Al-Jabiri pernah berkata mengenai tajdid wa turast: “Segala warisan yang layak kita pakai untuk menghayati arti kehidupan dan persoalan-persoalan kekinian, yang layak untuk dikembangkan dan diperkaya sehingga bisa mengantarkan ke masa depan.”
Karena itu, gagasan modernitas bukan untuk menolak tradisi, atau memutus masa lalu, melainkan untuk meng-upgrade sikap serta pendirian dengan mengandaikan pola hubungan kita dengan tradisi dalam tingkat kebudayaan “modern”. Oleh karena itu, konsep modernitas adalah dalam rangka mengembangkan sebuah metode dan visi modern tentang tradisi.[1]
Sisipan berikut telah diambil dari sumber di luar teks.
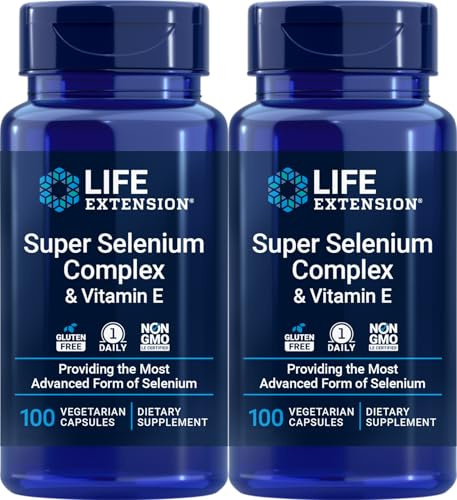 Life Extension Super Selenium Complex 200 mcg & Vitamin E, 100 Veg Caps (Pack of 2)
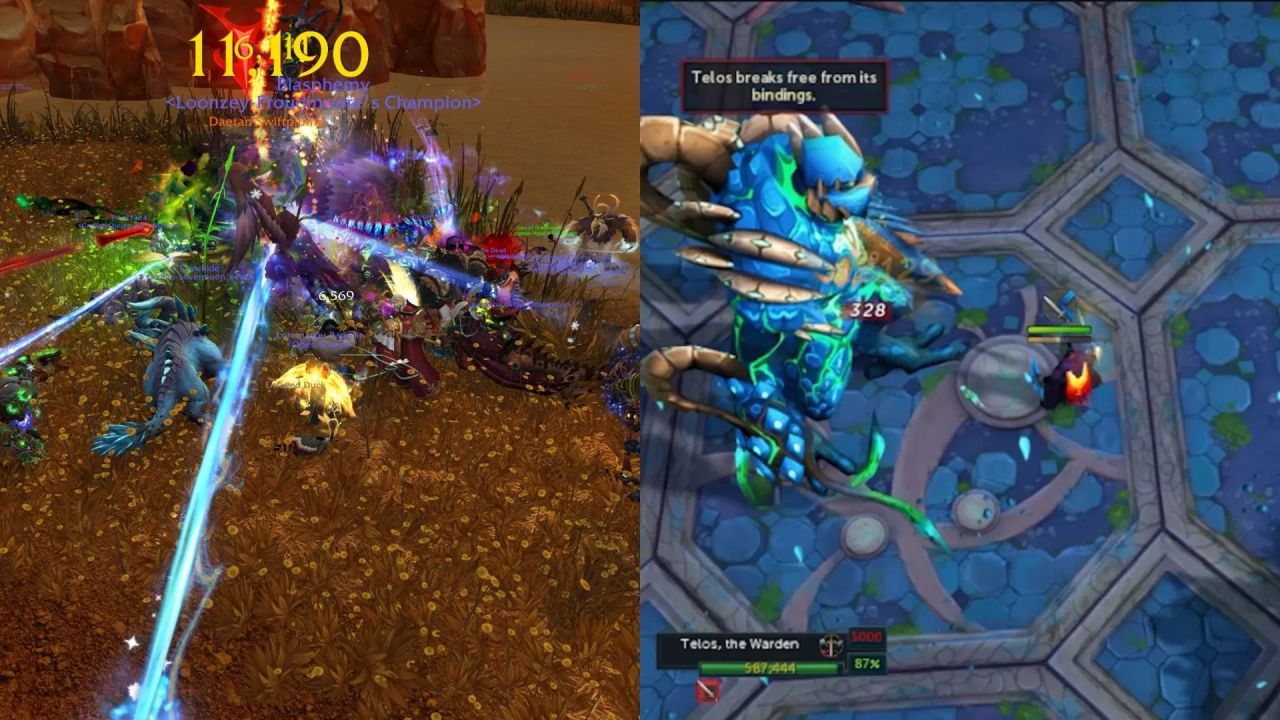 O combate é muito mais rápido no WoW em comparação com o clássico MMO da Jagex. (Imagem via Blizzard || Jagex)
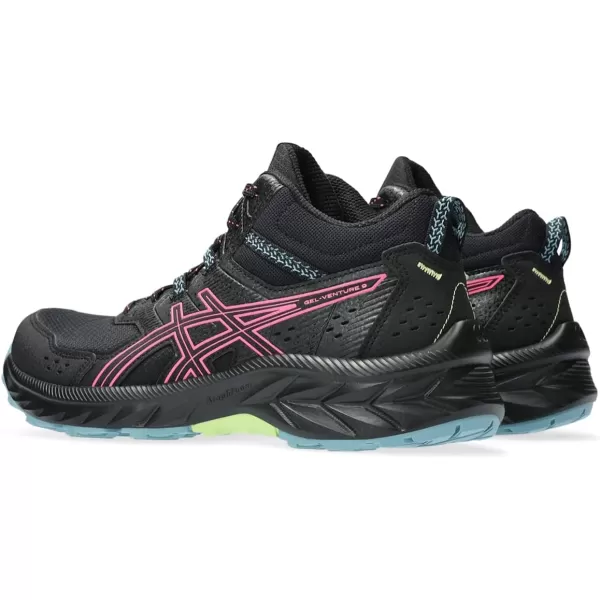 imageASICS Womens GelVenture 9 Mid Top Running ShoesBlackHot Pink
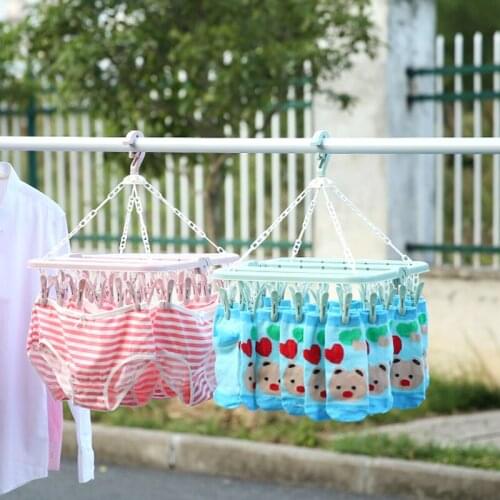 050 Multifunctional 32clips folding hangers Cloth Socks Hanger Drying Rack Foldable Bathroom Clothespin Clip 32*32.5*34cm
Menggabungkan modernitas dan tradisi adalah sebuah keharusan bagi seorang intelektual–selain diri sendiri–supaya dia mampu menjelaskan segenap fenomena kebudayaan serta tempat di mana modernitas dan tradisi muncul.
Sehingga dengan demikian, keduanya menjadi sebuah pesan dan dorongan perubahan dalam rangka menghidupkan kembali berbagai mentalitas, norma pemikiran beserta seluruh apresiasinya.
Nilai ini sebenarnya sudah tertanam di bumi Nusantara, di mana Wali Songo mengakulturasikan pembaharuan (Islam) dengan tradisi yang ada di bumi jawa (tradisi lokal). Nilai ini kemudian dimanifeastasikan secara lugas oleh Nahdlatul Ulama dalam semboyan mereka “al-muhafadhotu ‘ala qodimis sholih (tradisi) wal akhdzu bil jadidil ashlah (pembaharuan)”
[1] Mohammed Abed al-Jabiri, Kritik Kontemporer Atas Filsafat Arab-Islam, Alih bahasa: Moch. Nur Ichwan (Yogyakarta: Islamika, 2003), hlm. 2.